Worldwide, the aviation industry employs nearly 9 million people, according to the International Air Transport Association (IATA). That includes a broad range of occupations, such as airline manager, pilot, freight and cargo supervisor, transportation security officer and airport manager, as well as other aviation management roles.

A 2013 report by aircraft manufacturer Boeing found “urgent demand for competent aviation personnel,” including the need for nearly 500,000 new commercial airline pilots over the next 20 years.

Commercial carriers have come a long way since Jan. 1, 1914, when pilot Tony Jannus flew the first paying passenger across Tampa Bay, Florida, in a bi-wing airboat. However, the new century has brought significant challenges for the industry.

The terrorist attacks of Sept. 11, 2001, the Great Recession and rising fuel costs suppressed demand and forced airlines to rethink their business. They responded by slashing operating costs, grounding older planes and cutting less profitable routes. Carriers also began charging for services that were once included in the ticket price, such as baggage checks.

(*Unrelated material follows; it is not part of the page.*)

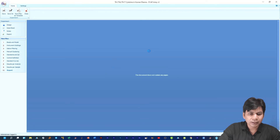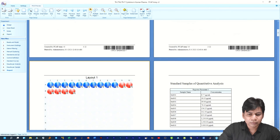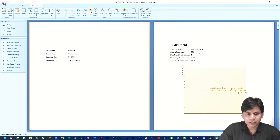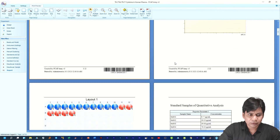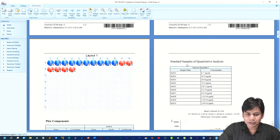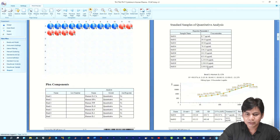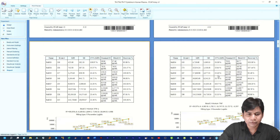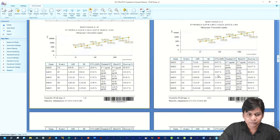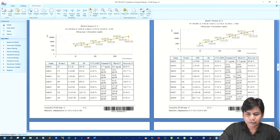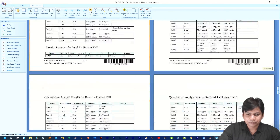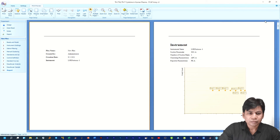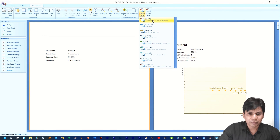If you click on 'Report,' you can see it provides all details including instrument information, layout, standard, sample, and quantitative analysis — all in one file, including the standard curve. You can export this report in PDF, Excel, or RTF format.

“Going into the next decade, there is cautious optimism that the industry has been transformed from that of a boom-to-bust cycle to one of sustainable profits,” the FAA report stated.

Passenger Demand Growing Worldwide

Similar growth is projected for airlines worldwide, according to the IATA. The industry group reports that strong demand in the Middle East, Latin America and the Asia-Pacific region increased passenger numbers by 5.2% in 2013.

The IATA estimates the number of airline passengers worldwide will reach 3.3 billion in 2014, a number that equates to more than 6,000 passengers boarding airlines every minute. That is expected to push airline profits to $18.7 billion, a sharp increase over the $12.9 billion reported in 2013 and the profits of $6.1 billion in 2012.

North American carriers will account for almost half of the 2014 profits, according to IATA. On average, airlines worldwide will earn a profit of $5.65 per passenger.

“The cyclical economic upturn is supporting a strong demand environment,” IATA Chief Executive Officer Tony Tyler said in a March 2014 statement. “And that is compensating for the challenges of higher fuel costs related to geo-political instability.”

In the United States, the FAA is responding to the increasing demand with its NextGen program. NextGen is an effort to improve airline safety in a number of ways, the most notable of which is switching air traffic control from ground-based radar to satellite-based tracking systems.

“With healthy growth projected in air travel, the FAA has a tremendous opportunity to make a major difference in the industry,” FAA Administrator Michael Huerta told USA Today in March.